SD is a graphic depiction of the ship collision risk, which is usually a group of areas around OS to visualize the risk. When TS enters or is about to enter the area, a collision alert is triggered. Szlapczynski et al. defined two SD-based safety parameters: Degree of Domain Violation (DDV) and Time to Domain Violation (TDV) [30]. The results show that the accuracy of DDV/TDV is higher than that of the DCPA/TCPA. Qiao et al. developed a quadratic ship domain model considering the uncertainty of ship position and proposed a method to calculate the spatial collision risk, which had been improved in further applications [31]. Some researchers assess the collision risk by developing new SD models. Bakdi et al. developed an adaptive SD model for risk identification through a spatial risk function based on the type of encounter situation and collision hazard [32]. The results showed competitive advantages in terms of intuitiveness and computational efficiency. Aiming at the shortage of including single factors in SD in previous studies, Guan et al. established an SD model based on fuzzy logic considering multiple variables [33]. The obtained results support the decision-making of collision avoidance and early prediction of collision risk.
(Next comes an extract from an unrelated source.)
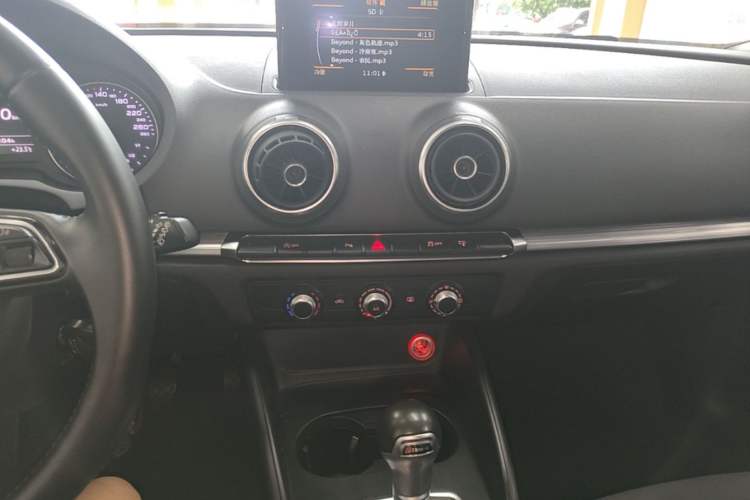 Used Audi A3 2016 Sportback 35 TFSI Ambition Audio And AC Panel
However, the calculation of this method is complex, and not suitable for risk identification in the case of multi-ship encounters.
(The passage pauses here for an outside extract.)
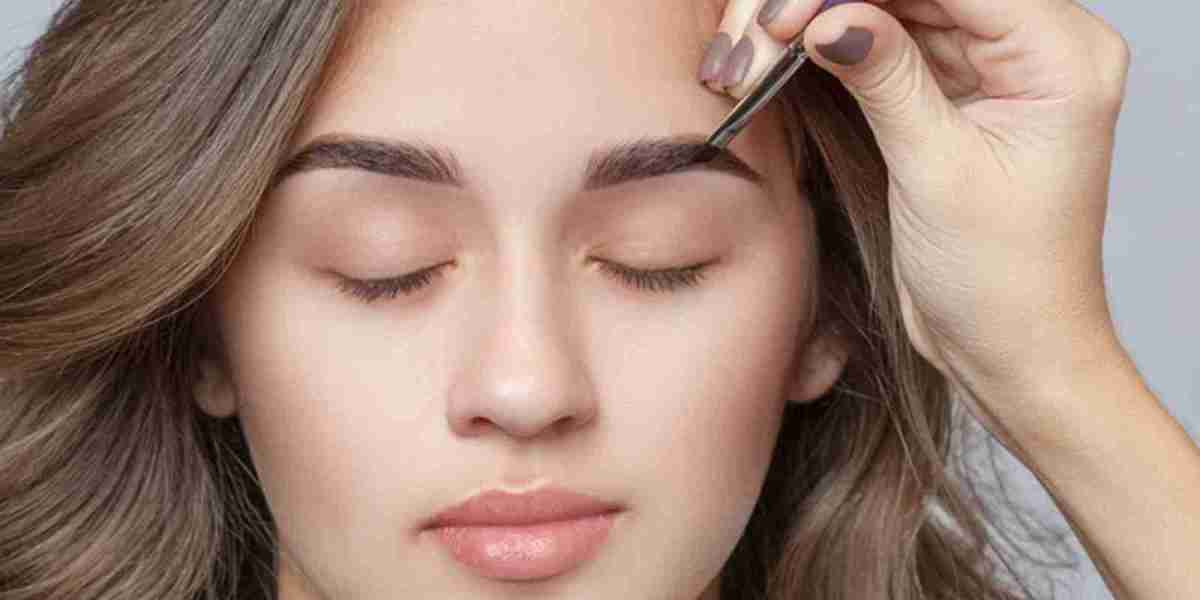 "Threading Las Vegas: Discover the Best Places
The DR is designed to collect a set of OS’s speed or course that leads to a conflict with TS and display this set of speed or course to the Officer on Watch (OOW) in a graphical form. Velocity Obstacle (VO) is a typical algorithm in this category. It is capable of seeking out the optimal collision-free solution in two-ship and multi-ship encounter scenarios [34], considering ship dynamics [35] and maneuverability [36].
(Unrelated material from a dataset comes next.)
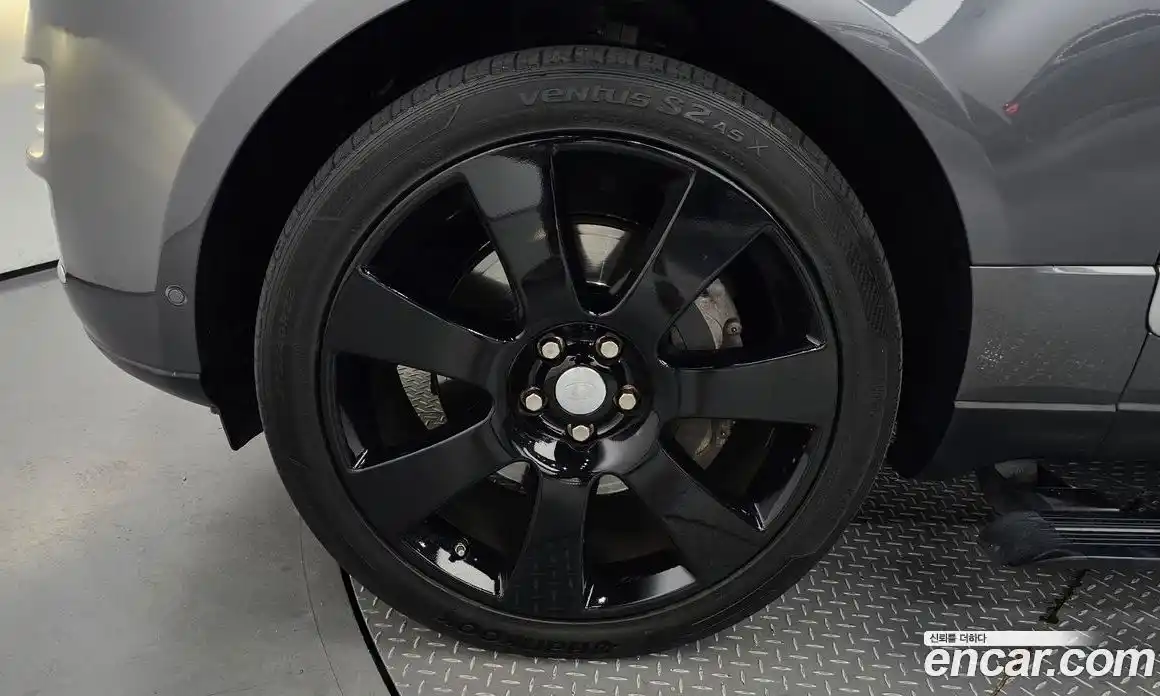 Land Rover Range-Rover 2016 4.4 Автомат в Москве № 198244, фото 4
The method of AL focuses on identifying a line of action around OS in geographic space, which indicates the final timing of OS to complete collision avoidance through a series of actions. AL is usually obtained by simulations. Szlapczynski et al. determined AL by a series of simulations of various types of ship encounters under different conditions using a hydrodynamic model of ship movement [37]. Namgung et al. established an adaptive neuro fuzzy inference system to judge the CRI of the optimal position and timing [38]. The system ensures that the OOW has sufficient time to make decisions and take the necessary actions of collision avoidance.

Based on the manifestations of the risk perception methods presented above, the models referred by literature research are summarized in

Table 4. Overview of ship risk perception methods and the application of corresponding models.

Category	Abbreviation of Method	Description	Model Applications in the Literature
Numerical	MSPD	Provide deterministic results of collisions by comparing the distance between ships and the size of MSPD.	[23,24]
	CRI	Assign weights to influencing factors to calculate the probability of a collision occurring.	[25,26,27,28,29]
Graphical	SD	Deemed to be a risk of collision when TS enters or will enter SD.	[30,31,32,33]
	DR	Collect the set of speeds or courses that cause the OS to conflict with the TS, then displays the set in the image to the OOW.	[34,35,36]
	AL	The final time for OS to take evasive action to avoid a collision	[37,38]

.

Among the risk perception methods, the number of models adopting CRI and SD is the highest. Only a few models apply the method of MSPD, DR, and AL. MSPD can be deemed as a basis for the calculation of CRI, while DR and AL can provide decision-making support for ship collision avoidance on the basis of SD display. In the future, more models adopting DR and AL can be developed for collision risk perception purposes.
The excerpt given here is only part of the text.